++++ Materials provided

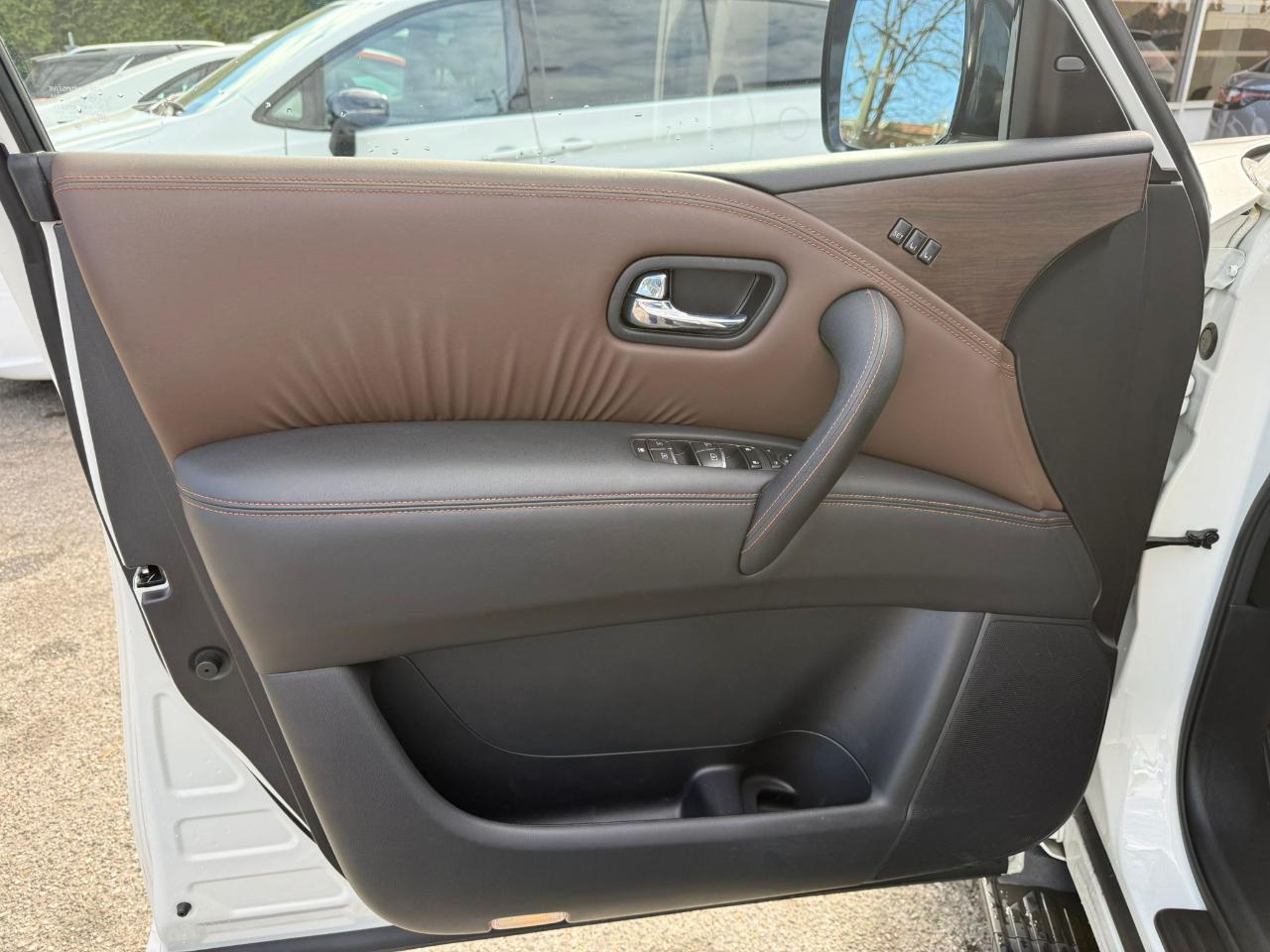 Nissan Armada 4x4 Platinum Reserve 2018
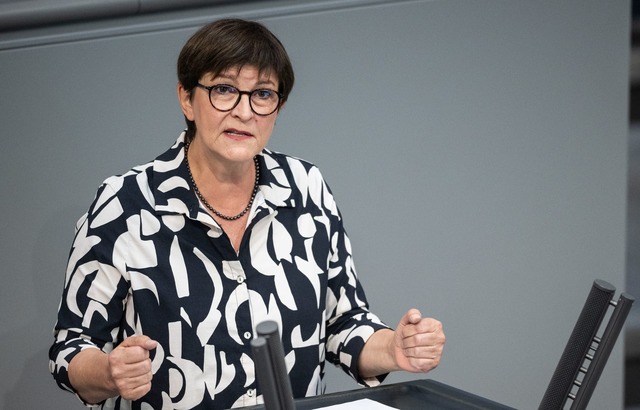 Die SPD-Vorsitzende Saskia Esken will ...ut f&uuml;r den Bundestag kandidieren.  | Foto: Hannes P Albert/dpa/Archivbild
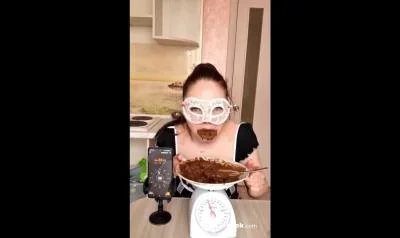 Speed shit eating with 3 loads HD 720p / 536.57 MB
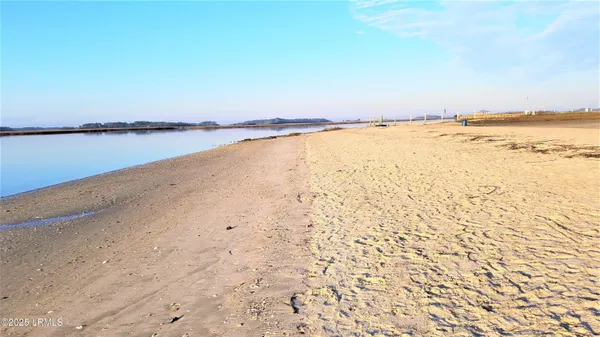 $2,750 | 15 Meridian Road, Beaufort, SC 29907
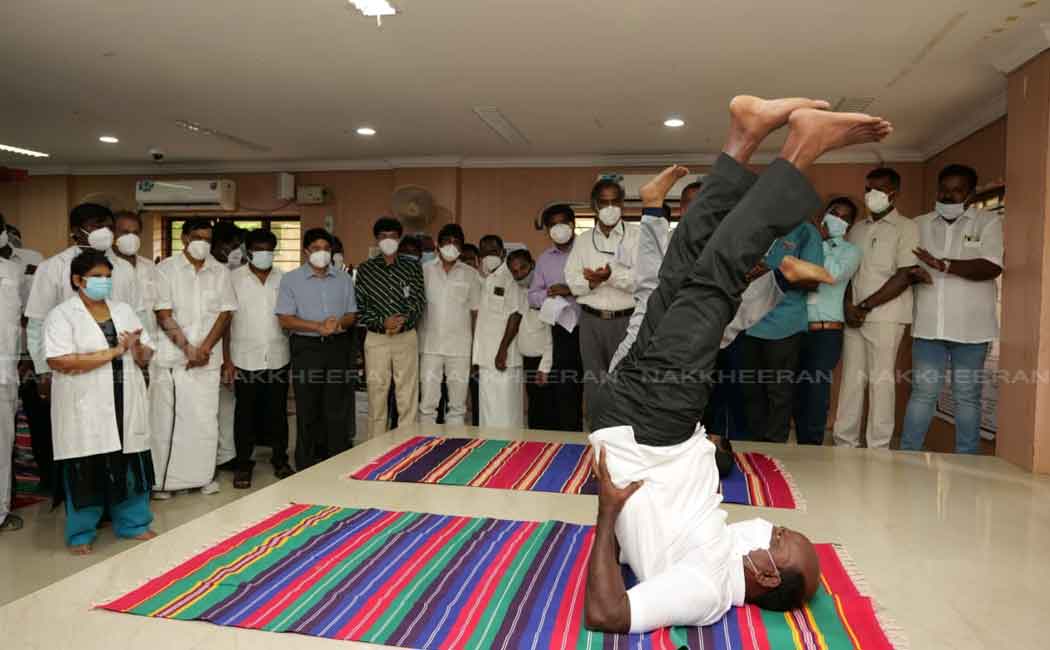 The minister who did yoga following the field visit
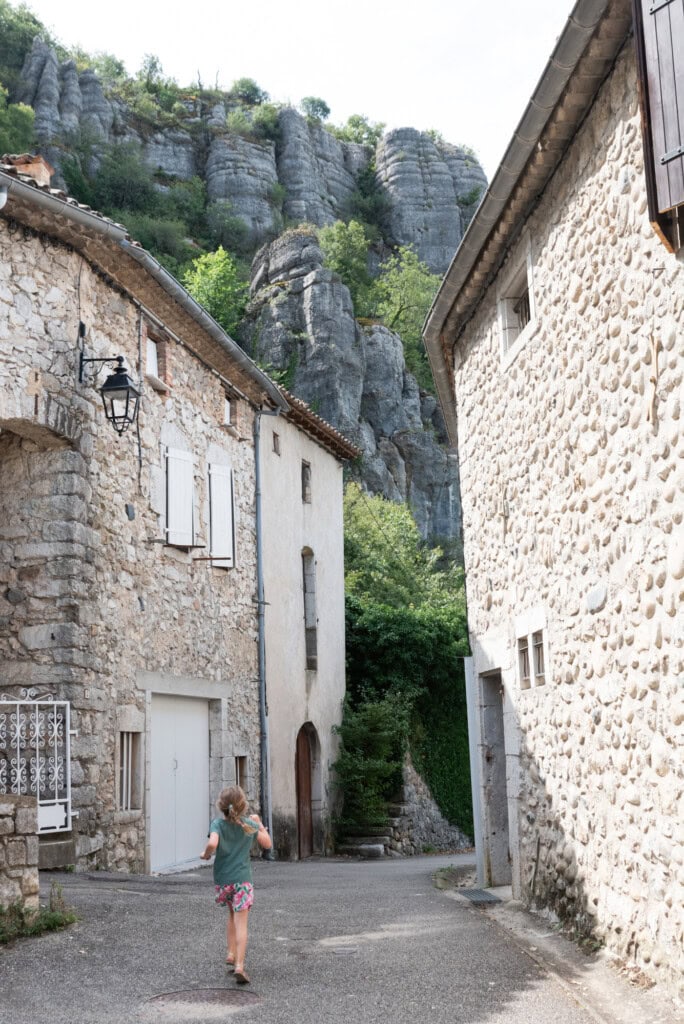 rue-village-Voguë-ardèche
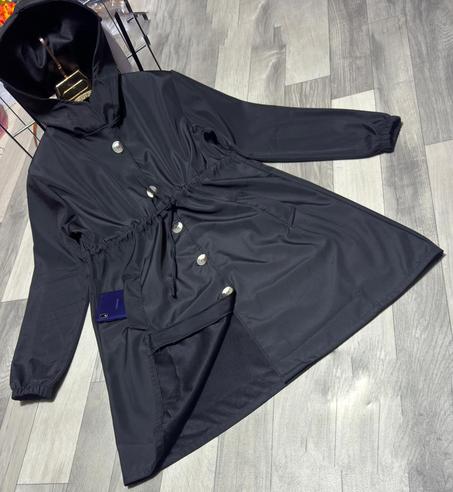 معطف نسائي عصري مقاوم للماء مع غطاء رأس وأزرار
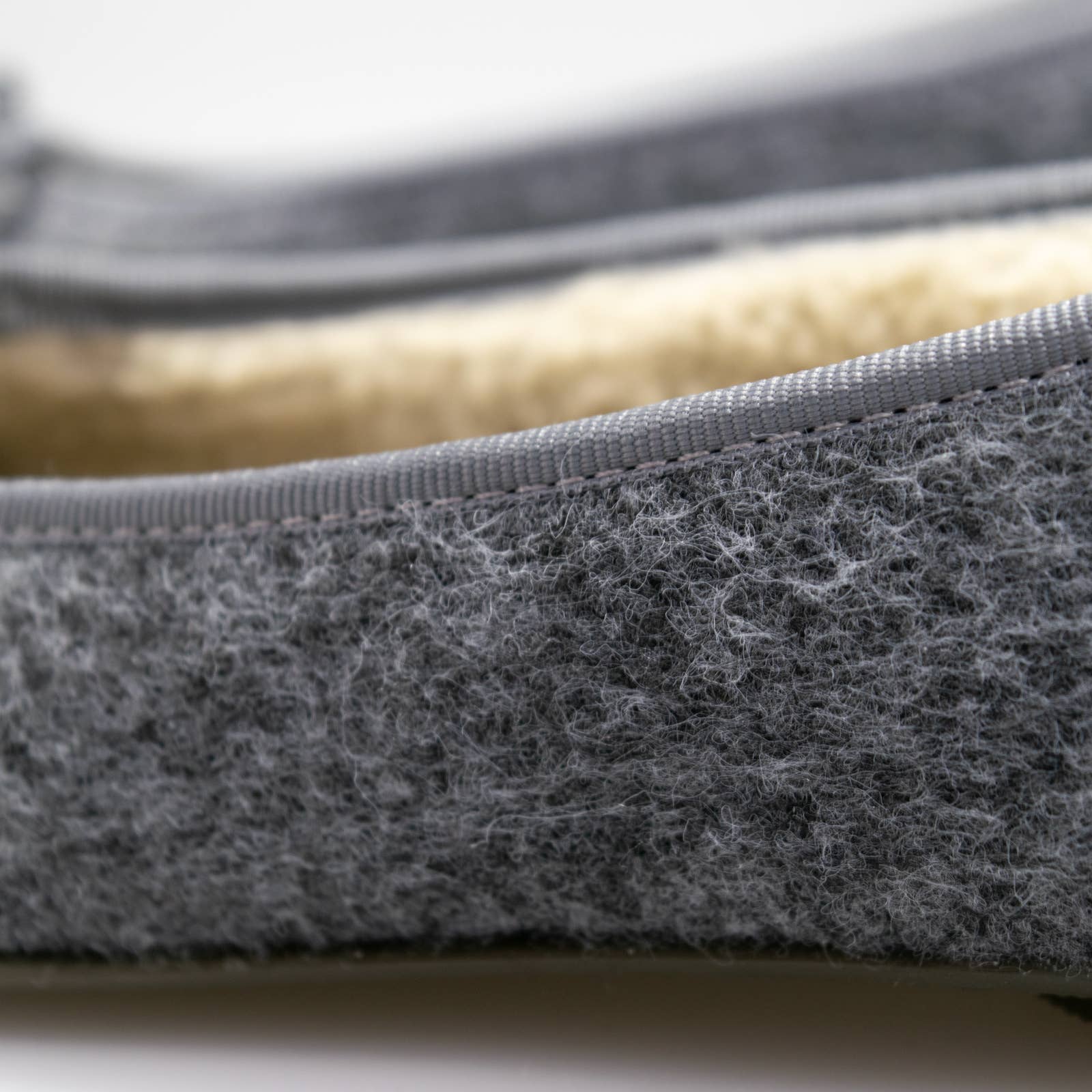 HAIKON HADA - Wholesale Pantoffels - Dames - Grijze vilten ballerina's. Gerecycleerde pantoffels voor thuis.6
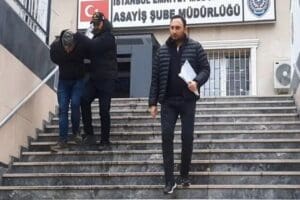 İstanbul'da 76 yaşındaki yaşlı bir adam telefonda kendini polis olarak
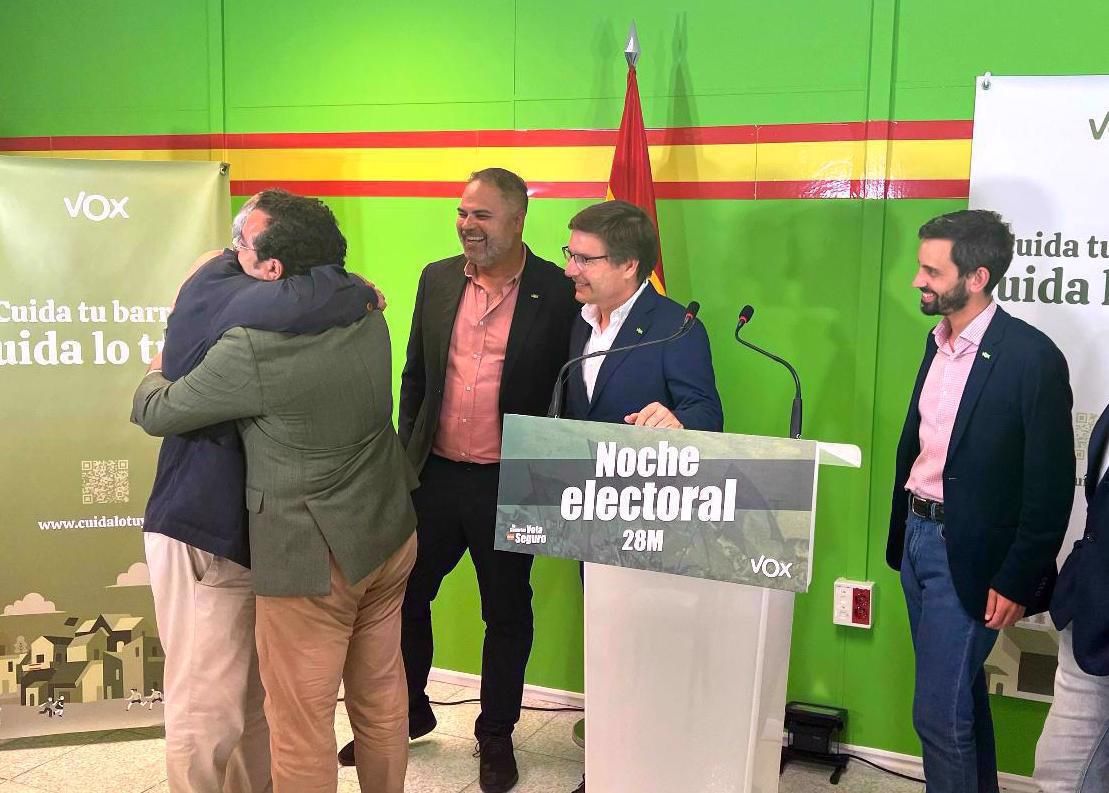 Nicasio Galván celebra los resultados de Vox con varios compañeros. / EFE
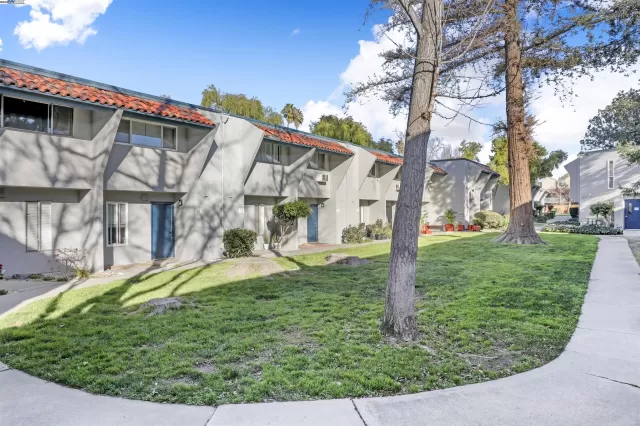 MLS: 41083099 Condo For Sale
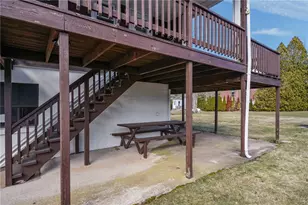 3 Columbus Ave, Westerly, RI 02891 - Photo 4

++++++++

Exercise prompt> Set down word for word every line from the line containing "HAIKON HADA - Wholesale" through the last line of the entries, and nothing more; no pictures.

Solution for this problem>
 HAIKON HADA - Wholesale Pantoffels - Dames - Grijze vilten ballerina's. Gerecycleerde pantoffels voor thuis.6
 İstanbul'da 76 yaşındaki yaşlı bir adam telefonda kendini polis olarak
 Nicasio Galván celebra los resultados de Vox con varios compañeros. / EFE
 MLS: 41083099 Condo For Sale
 3 Columbus Ave, Westerly, RI 02891 - Photo 4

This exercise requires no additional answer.